Federal District Court Judge Shira Scheindlin ruled last week that The Legal Aid Society's Davis case, filed on behalf of nine New York City Housing Authority tenants and their guests who have been illegally stopped and arrested by New York City Police Department officers, may proceed to trial. Steven Banks, the Society's Attorney-in-Chief, called the 84-page decision "an important step forward." In an editorial yesterday, the New York Times called the facts in the Davis case "distressing" and concluded that '[i]n their excessive zeal, the police are undermining respect for the law in the very communities where residents’ cooperation is most needed and abridging the rights of people they are supposed to protect." The NAACP Legal Defense Fund and Paul Weiss Rifkind Wharton & Garrison are co-counsel in the case. The ruling has received extensive media coverage, including the New York Times editorial and news articles in the Wall Street Journal, the New York Law Journal and the New York Times, which are presented below.




The New York Times
Editorial on the Davis Case
October 7, 2012
Stop and Frisk, Part 3

The New York City Police Department has come under criticism in recent years for arresting people for trespassing in public housing, often for little or no reason. The trespassing arrests are a variation on the city’s broader, and highly controversial, stop-and-frisk program. On Thursday, Judge Shira Scheindlin of Federal District Court in Manhattan added her voice to the chorus, ruling that a lawsuit challenging police arrests for trespassing in public housing could move closer to trial. The city had tried to have most of the plaintiffs’ claims dismissed.

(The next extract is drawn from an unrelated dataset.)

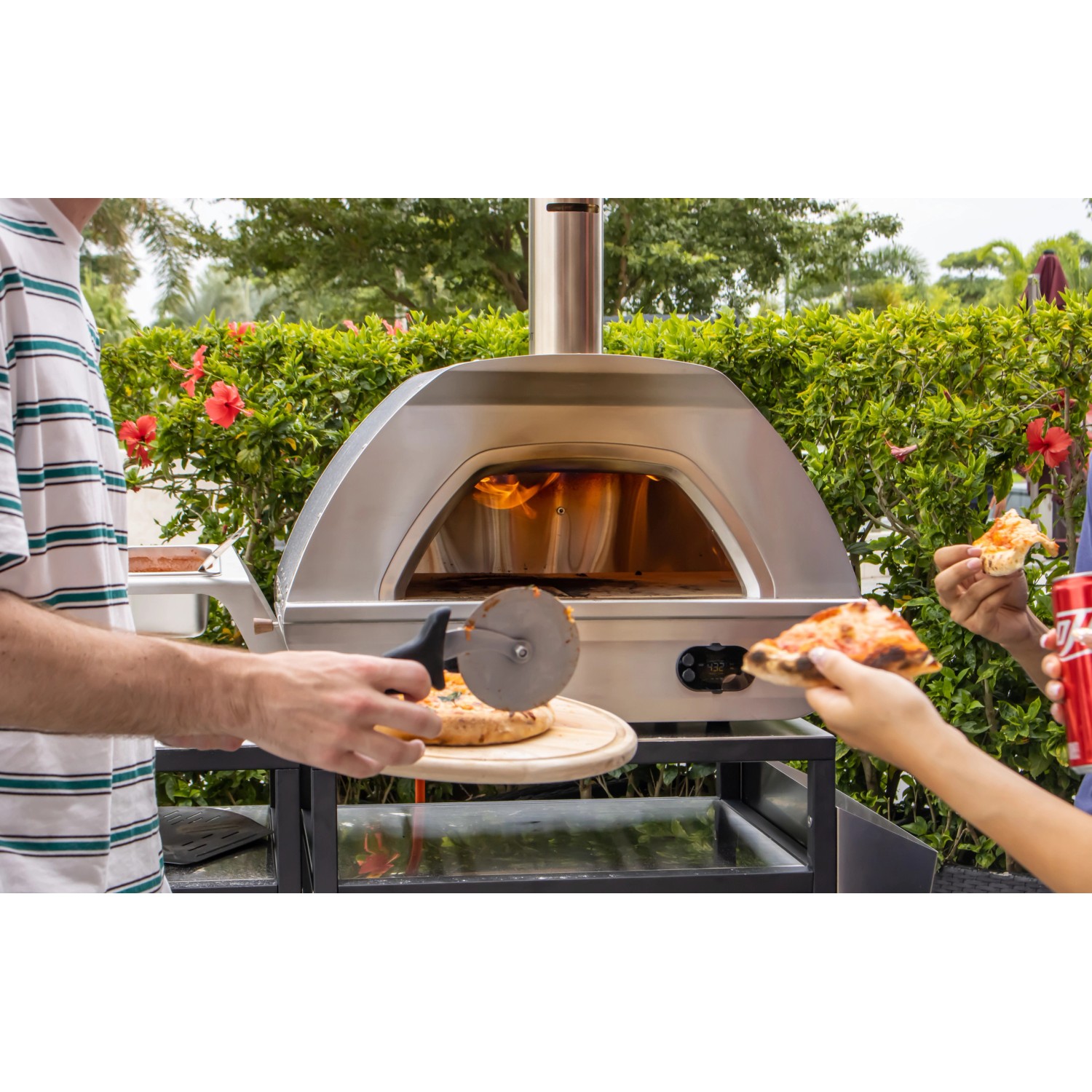 Buschbeck Pizzaofen X1 mit Pizzaschieber beim Pizzabacken im Garten.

The message here is clear: Instead of belittling the claims raisd by the nine plaintiffs — eight of whom were arrested under questionable circumstances, some in buildings where they actually live — the city needs to settle these cases and ensure that its policies adhere to Fourth Amendment guarantees of freedom from unreasonable search and seizure.

The lawsuit, known as Davis v. The City of New York, is one of three related cases involving stop-and-frisk that are moving through the federal courts. The broader case charges police with stopping and frisking hundreds of thousands of people a year on the basis of race. The third case was brought on behalf of residents of private apartment buildings who say they were illegally stopped, ticketed or arrested in police sweeps similar to those conducted in public buildings.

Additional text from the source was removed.